Google’s second-generation Nest Hub, like much of the company’s hardware these days, looks a lot like the previous version. But in this case, I don’t mind so much.
This is a purpose-built smart display with a camera-less design aimed at maintaining privacy and bedside utility. That second use case gets one of the biggest additions on the second-gen model: a new sleep tracking function. As for privacy, the Nest Hub doesn’t add much new, though the sleep tracking feature introduces some new precautions. The most notable change, however, is a lower price—down from $130 to $99.99 (and sometimes on sale for less). Combined with this unique (for a smart display) ability to track sleep accurately, the value here easily makes the new Nest Hub a top pick for smart displays.
Google Nest Hub (2nd Gen)
The Nest Hub tracks your sleep using Google’s Project Soli radar technology. You can toggle the feature on or off.
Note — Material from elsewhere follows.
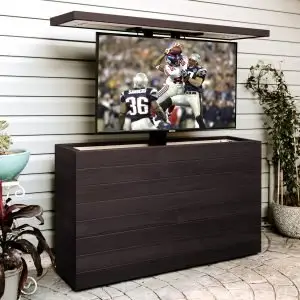 Outdoor Hidden TV Lift Cabinet | Charcoal Ipe | Up to 48" TV
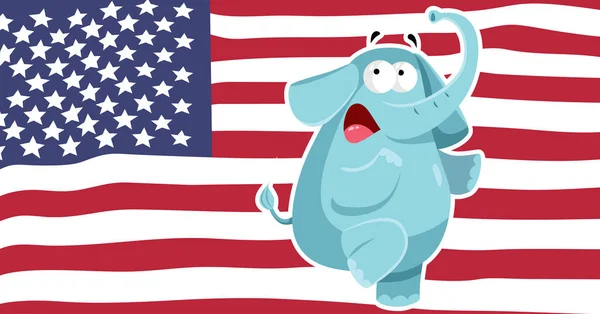 Elefante Republicano Asustado Ilustración Historieta Del Vector Bandera Americana — Vector de stock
The company says that Soli “understands human motion at various scales: from the tap of your finger to the movements of your body,” but the Nest Hub’s application, in both sleep tracking and motion controls, doesn’t appear to need such granular levels.
As it relates to sleep sensing and tracking, the Soli radar chip is the sole piece of hardware used to recognize sleep and count respirations throughout the night, though coughing and snoring events are noted by using the microphone. Google says those audio recordings do not get saved to the cloud or the Nest Hub—only the information that the event occurred is saved to the cloud, along with your sleep times and duration. Otherwise, recognition of snoring and coughing is processed on-device, likely with the aid of the Hub’s on-device machine learning chip.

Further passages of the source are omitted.